CPMI do INSS pede ao STF proteção a informante que citou Lulinha

A CPMI do INSS pediu ao Supremo Tribunal Federal proteção especial a um informante que denunciou o empresário Fábio Luís Lula da Silva, o Lulinha. O pedido foi apresentado nesta terça-feira, 17 de março de 2026, em reunião do presidente da comissão, senador Carlos Viana (Podemos-MG), e do relator, deputado Alfredo Gaspar (União-AL), com o ministro André Mendonça, relator do caso no STF. Mendonça sinalizou atenção ao pedido.

O informante já havia dito ao Supremo, na semana passada, que corre risco de vida e que precisa de proteção policial do estado.
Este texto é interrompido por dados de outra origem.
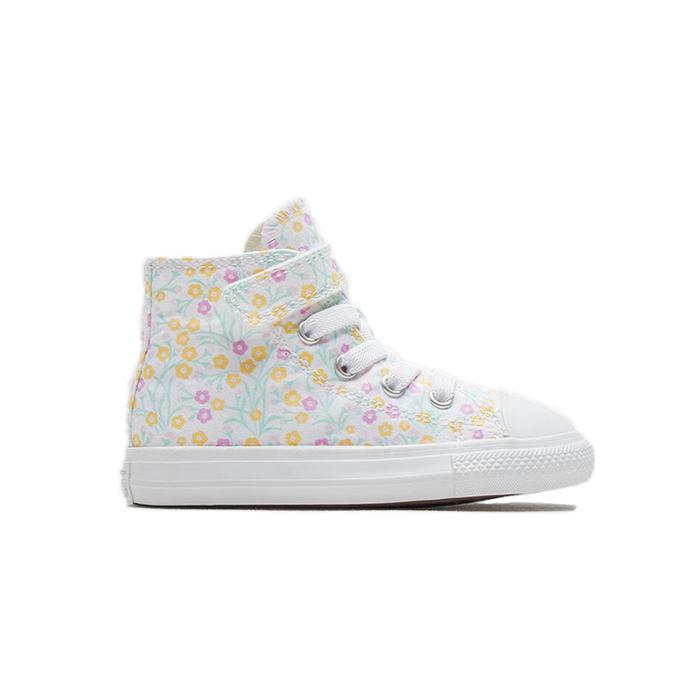 Baby Converse All Star 1V High Top Toddler Shoes White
O nome dele não foi divulgado.

Em depoimentos prestados à Polícia Federal em 2025, ele afirmou que o empresário Antonio Carlos Camilo Antunes, conhecido como “careca do INSS”, pagava mesadas a Lulinha em troca de acesso a órgãos de saúde do governo federal para a venda de produtos ligados ao canabidiol. As defesas de Camilo e de Lulinha negam as acusações.
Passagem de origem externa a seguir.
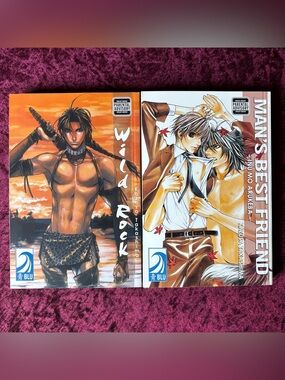 Wild Rock & Man's Best Friend Manga set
Segundo a defesa do informante, a situação se agravou após vazamentos de informações sobre os depoimentos. Os advogados afirmam ainda que imagens do denunciante e de familiares, sobretudo da filha, teriam sido retiradas de redes sociais e repassadas a terceiros.

Na petição, a defesa sustenta que a proteção é necessária para preservar a integridade física e psicológica do colaborador e para evitar prejuízo às investigações. Os advogados argumentam que ele apenas cumpriu dever cívico ao fornecer informações consideradas relevantes aos órgãos de apuração.